Si è spento nella sua casa in Connecticut l’ex segretario di Stato americano Henry Kissinger che lo scorso maggio aveva spento 100 candeline.
Autore della celebre frase “il potere è il massimo afrodisiaco”, astuto manipolatore e influente fino agli ultimi giorni, per l’ex quindicenne ebreo in fuga dall’Europa alla vigilia della Seconda guerra mondiale il mondo era un gigantesco puzzle in cui ogni pezzo giocava un ruolo importante e distinto verso un unico fine: gli Usa come superpotenza internazionale anche al prezzo di interventi di realpolitik sullo scacchiere mondiale giudicati da molti brutali ed illegittimi, come il bombardamento e l’invasione della Cambogia e il sostegno al colpo di Stato di Augusto Pinochet in Cile del 1973 che defenestrò Salvador Allende.
Ha sostenuto la dittatura militare indonesiano nell’invasione di Timor Est, ha appoggiato l’invasione dell’Angola da parte del regime di apartheid in Sud Africa.. Ha inoltre autorizzato le intercettazioni telefoniche di giornalisti e del suo stesso staff.
All’inizio degli anni 2000, Kissinger appoggiò l’amministrazione di George W. Bush nella sua invasione dell’Iraq. Un altro sostenitore di quella guerra, il giornalista Christopher Hitchens, scrisse che Kissinger avrebbe dovuto essere processato per crimini di guerra.

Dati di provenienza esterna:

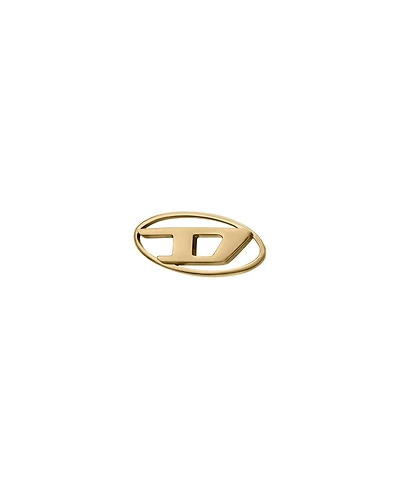 Diesel Men's Gold-Tone Stainless Steel Stud Earring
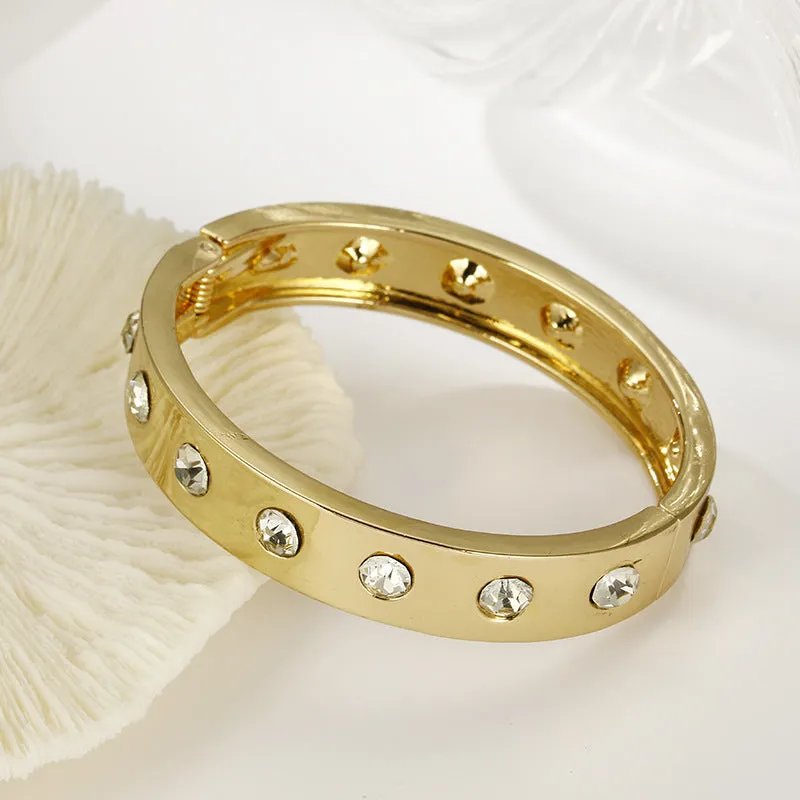 Daring Cutout Rhinestone Bracelet for Fashion Forward Women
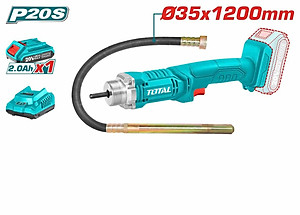 MÁY ĐẦM BÊ TÔNG DÙNG PIN 20V (1 pin 2.0AH +sạc ) TOTAL TCVLI2023011 - HÀNG CHÍNH HÃNG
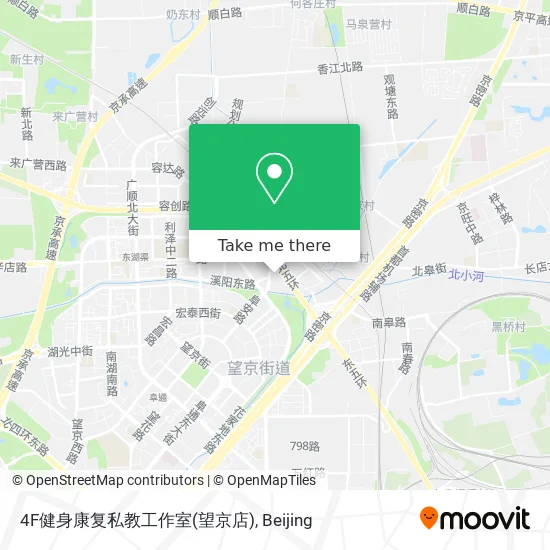 4F健身康复私教工作室(望京店) map
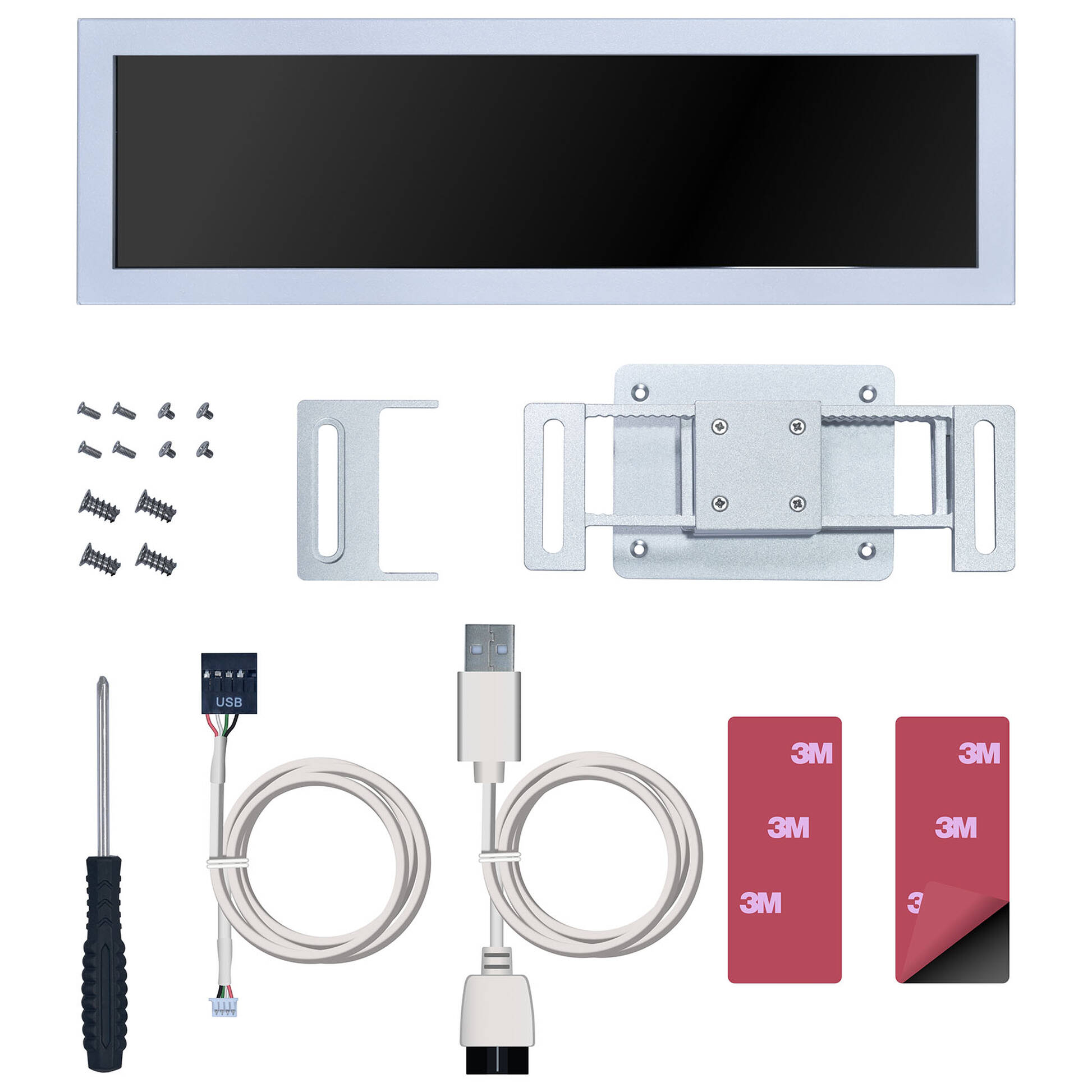 Lian Li 8.8" Universal Screen - Lian Li 8.8" Evrensel Ekran - Beyaz - Görsel 6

Kissinger fu di fatto un presidente ombra, anche se la scrivania dell’Ufficio ovale restò sempre per lui un miraggio impossibile per il fatto di non essere nato negli Usa. La sconfitta di Ford e l’elezione del democratico Jimmy Carter segnarono la fine della sua carriera pubblica, non dell’impegno in politica estera attraverso gruppi come la Trilaterale. Dopo aver lasciato il governo nel 1977, Kissinger fondò il celebre studio di consulenza Kissinger Associates, attraverso la cui porta girevole passarono ministri e sottosegretari e i cui clienti erano governi mondiali grandi e piccoli. Ed è stato proprio il suo studio a dare la notizia della sua morte.